Eventually, there will be no need for the chimeras and surrogate parents; once the captive population reaches a size that allows individuals to be removed for wild release without endangering the continuance of the flock, we will have reached our goal of a viable breeding population.
Phase 3.2 – In Situ Restoration: In Situ Wild Release
[A] The first step in wild release will be a “soft release.” Large flight aviaries encompassing entire trees set within forest locations will be constructed at two sites: one within the former breeding range (spring locations) and one within roosting/foraging ranges (autumn and winter) of the Passenger Pigeon. These structures will allow flock managers to monitor how the birds cope with natural weather conditions. The enclosures will be designed so that other species (including squirrels, rabbits, and deer) can be introduced and their interactions with the Passenger Pigeon flock can be observed.
Because Passenger Pigeons were nomadic, it is important to prevent the birds from acclimating to specific sites, the birds will be rotated randomly between multiple spring, summer, and winter sites. Moving the birds will be one of the project’s biggest challenges. Cranes and geese raised in captivity have been taught flight movements by airplanes. It may be possible to fly Passenger Pigeons using specialized drones, but a more natural solution may be achievable using homing pigeons as surrogate flocks to lead Passenger Pigeons from one site to another. This strategy poses a big risk: the birds will be completely free temporarily. The birds may scatter and not follow the surrogate flock. All birds will be implanted with micro-GPS trackers to trace their movements. In this way, we can locate and retrieve birds that wander, and more importantly, we can observe if the birds are forming the tight social bonds for flocking. In time, it may be possible to stop using the homing pigeons to lead new flocks of Passenger Pigeons.

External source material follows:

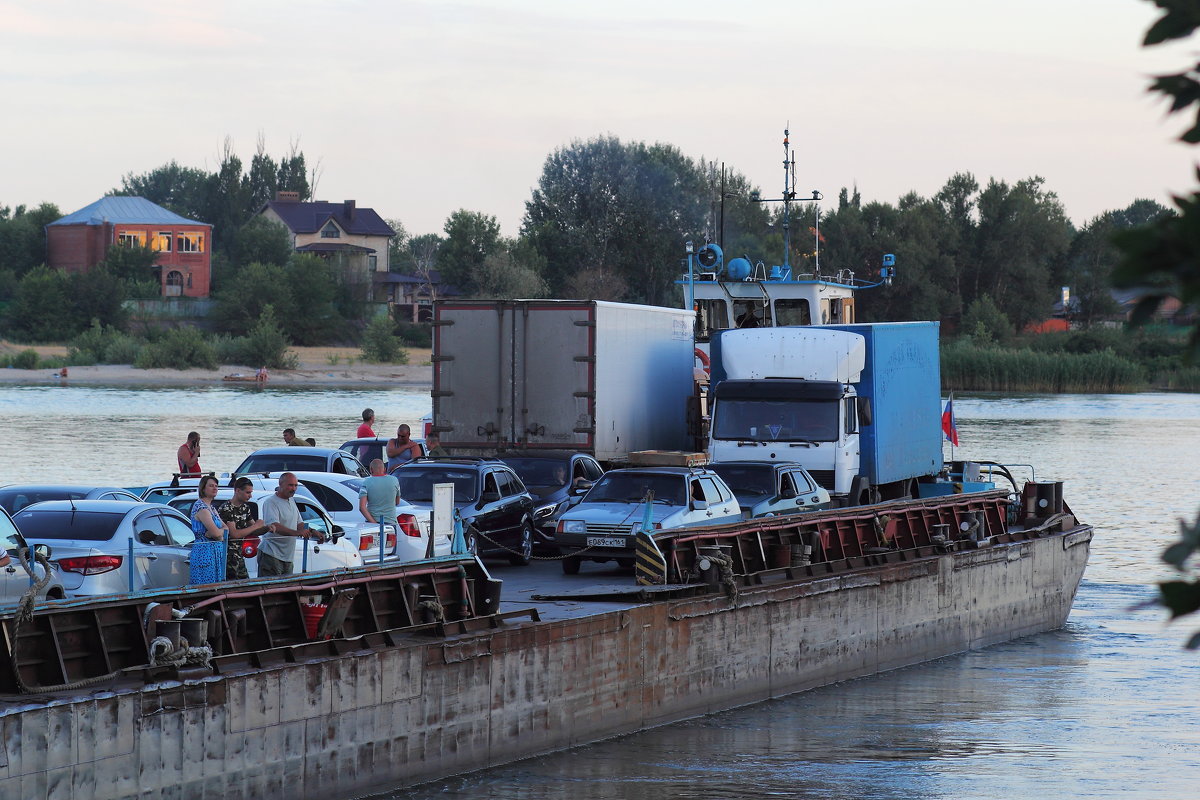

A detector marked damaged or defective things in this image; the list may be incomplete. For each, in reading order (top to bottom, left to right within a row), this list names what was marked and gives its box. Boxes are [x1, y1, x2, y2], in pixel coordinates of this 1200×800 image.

rusty barge hull [0, 513, 1089, 800]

[B] Once it appears that the pigeons that were bred and raised in soft release rotation are adapted to natural conditions and flock in a similar manner as Passenger Pigeons did historically, we can begin releasing test flocks to the wild. The first birds free in the wild will still be monitored by GPS for study. Until the flock is self-sustaining, this population will likely be designated as an experimental population for research.
Our goal is to release the first test flocks between 2030 and 2040, eventually reaching a target of self-sustaining population growth with 10,000 birds in the wild. This goal is technologically feasible if adequate funding is maintained. The wild population will be stocked from soft release sites until it appears to be self-sustaining. This may be possible in less than twenty years.